Quoting data from the National Family Health Survey-4, the ASSOCHAM-EY paper noted with concern that close to 60 per cent of our children aged between 6 – 59 months are anemic. It is only about 10 per cent of the country’s total children who are receiving adequate diet.
The women and girl child, for whom the NDA Government has launched flagship programmes, are no better in terms of their daily nutrition intake. About 55 per cent of non-pregnant women and 58 per cent of pregnant women aged between aged 15-49 years are anemic.
“A large part of India continues to consume non-nutritious, non-balanced food either in the form of under-nutrition, over-nutrition or micronutrient deficiencies. It is important to understand that malnutrition derives not just from lack of food but from a diverse set of interlinked processes linking health care, education, sanitation, hygiene, access to resources and women empowerment”, it said.
ASSOCHAM Secretary General D S Rawat said, the government needs to pursue policies which “focus on removing health and social inequities. Programmes and policies that aim to address the nutrition burden present a double – win situation”.

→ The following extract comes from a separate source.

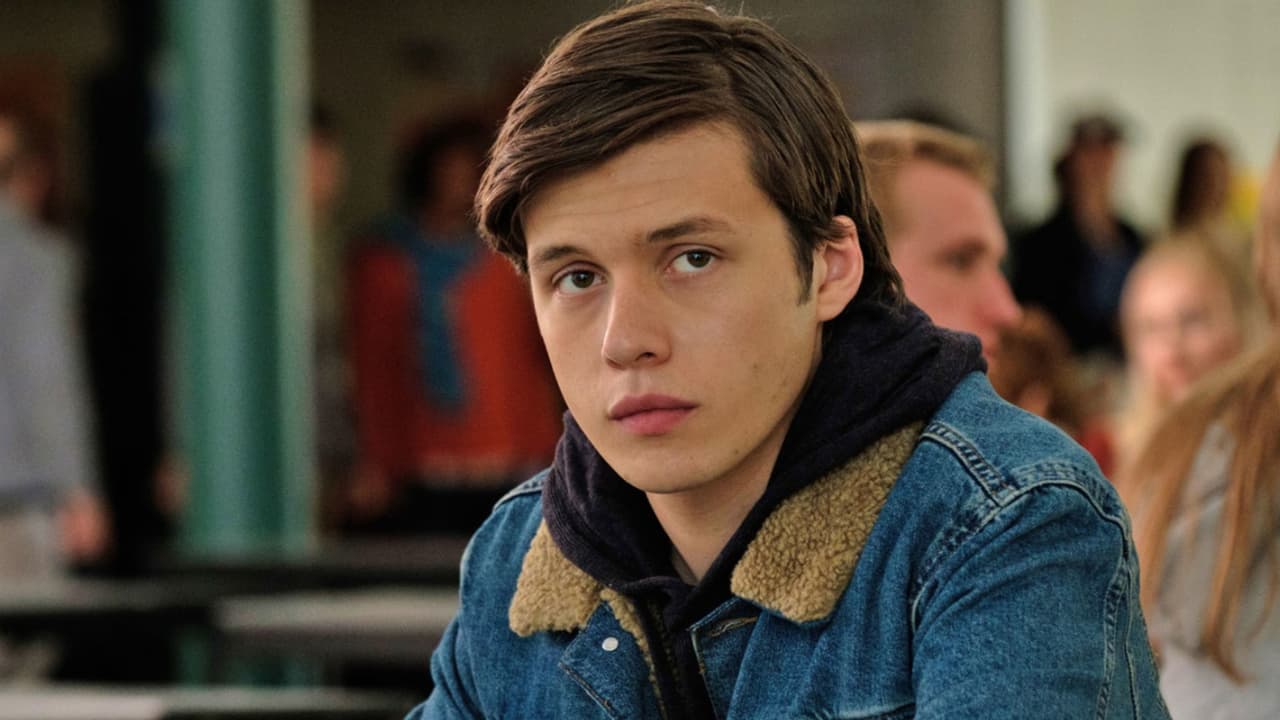 Nick Robinson da vida a Simon en la cinta.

Ernst and Young LLP Partner Amit Vatsyayan said, “while sub-optimal nutrition impacts the overall health and quality of life of people, it also adversely impacts the productivity of the country. It is estimated that nearly four per cent of the GDP is lost due to different forms of malnutrition”.
The adverse, irreversible and inter-generational impacts of malnutrition make optimal nutrition critical to the development of the country as a whole and all its citizens.
The paper said that in order to cater to the large unmet needs of micro-nutrients, it is imperative to focus on production diversity as well as food fortification at a macro level. “For instance, millets are three to five times more nutritious than rice and wheat in terms of proteins, minerals and vitamins. They are cost effective crops as well; yet considered as poor people’s crop while rice and wheat are preferred over them. Millets are rich in Vitamin B, calcium, iron, potassium, magnesium, zinc and are gluten-free. They are suitable for people with gluten allergies or those with high blood sugar levels”.